PMSの症状は200から300種類以上あると言われています。代表的な症状を以下にまとめてみましたので、ご自身が当てはまるかどうかご確認ください。PMS、PMDDによる症状かどうかが分からない方は、当院までお気軽にご相談ください。
身体症状
- 下腹部の張り感・痛み
- 乳房の張り感・痛み
- 頭痛
- 腰痛
- 関節痛
- 肌荒れ
- むくみ
- 体重増加
- 疲れやすい
- 食欲の変化(過食もしくは食べられない)
- 不眠、睡眠過剰
など
自律神経失調症状
- 動悸
- 吐き気
- めまい
など
精神症状
- いつもよりイライラしやすい
- すぐ他人に当たる
- 怒りっぽくなる
- 攻撃的になる
- 精神的に不安定になる
- 抑うつ
- 絶望感
- 不安感
- 気分の落ち込み
- 緊張感
- 判断力の低下
- 学校や仕事に行きたくない、外出したくない
- やる気の低下
- 何事も思い通りにいかないと感じる
- 集中力が低下する
など
重度のPMSの場合、感情のコントロールが効かなくなることで対人関係のトラブルが増えたり、社会生活に支障をきたしてしまうこともありますので、お困りの際は症状の重さに関わらずお早めにご相談ください。
検査・診断
問診時に、症状や発症時期、月経周期、ライフスタイル、妊娠・出産歴など、様々なことを丁寧にお伺いします。
情緒的(精神的)症状
- 抑うつ
- 不安
- 怒りの爆発
- いらだち
- 混乱
- 社会からの引きこもり
身体的症状
- 乳房の張り感、痛み
- 腹部の張り感・不快感
- 頭痛
- 手足のむくみ
【米国産婦人科学会における、月経前症候群の診断基準】
- 「過去3回の月経周期」において「月経前の5日間」に下記の情緒的(精神的)または身体的症状が少なくとも1つ以上現れた場合、月経前症候群に該当します
- 月経開始後4日以内に下記の症状が解消し、最低でも13日目まで再発しない
- 症状が薬物療法やホルモン内服、薬物あるいはアルコールなどによるものではない
- 診療開始から2周期(2回の月経周期)にわたり、症状がみられることが確認できる
- 社会的もしくは経済的活動(学業や仕事など)に、明らかに支障をきたしている
【Mortolaらによる診断基準】
- 社会的あるいは経済的能力のはっきりした障害が認められる
- 結婚生活あるいは人間関係における不和がその相手により確認される
- 育児における困難
- 職場または学業成績の低下、遅刻、欠席、欠勤
- 社会的孤立の悪化
- 法律的なもめごと
- 死の願望
- 身体症状の治療を希望している
治療法
PMSの自覚のある方の頻度は多いですが、治療を希望されるあるいは治療が必要となる症例は3~7%といわれています。

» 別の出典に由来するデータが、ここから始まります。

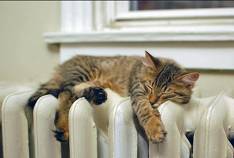 Meilleurs radiateurs de 2019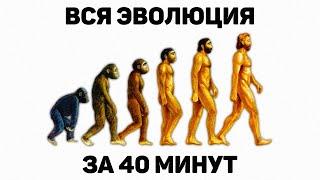 Вся эволюция человека за 40 минут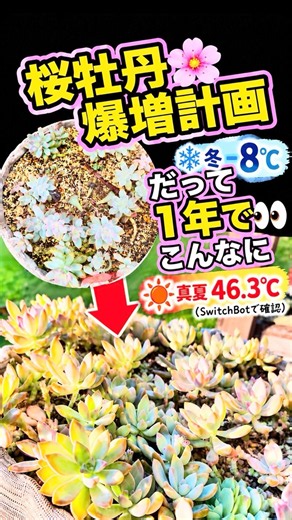 真夏46.3℃・極寒−8℃をものともしない！増え続ける桜牡丹の驚異の生命力🌸【多肉寄せ植え】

- 生活習慣の改善:食事(炭水化物、カルシウム、マグネシウム、ビタミンE、ビタミンB6、γリノレン酸含有食品の摂取)、塩分を控えめにする、カフェインやアルコールなどの嗜好品を制限する、禁煙(受動喫煙を含む)
- カウンセリングといった精神療法、認知行動療法
- 有酸素運動などの運動療法などの治療
- リラクゼーション:睡眠時間の確保、ストレスの解消
また、PMSの治療においては、自身の症状が出る時期や症状の種類を自覚的に理解するために症状日記をつけることも有効と言われています。
これらの治療を行っても改善されない場合は、エストロゲン(卵胞ホルモン)とプロゲステロン(黄体ホルモン)が配合された低用量ピルを処方する可能性があります。
第四世代の超低用量ピル(ヤーズやヤーズフレックス)はPMSの改善に有効というデータが出ています。
むくみが酷い場合は利尿薬を、乳房の張り感・痛みを改善させたい場合は鎮痛剤やドパミン作動薬を、精神的症状が目立つ方には、抗うつ薬や抗不安剤などの精神薬を処方します。また、漢方薬が有効である症例も多いです。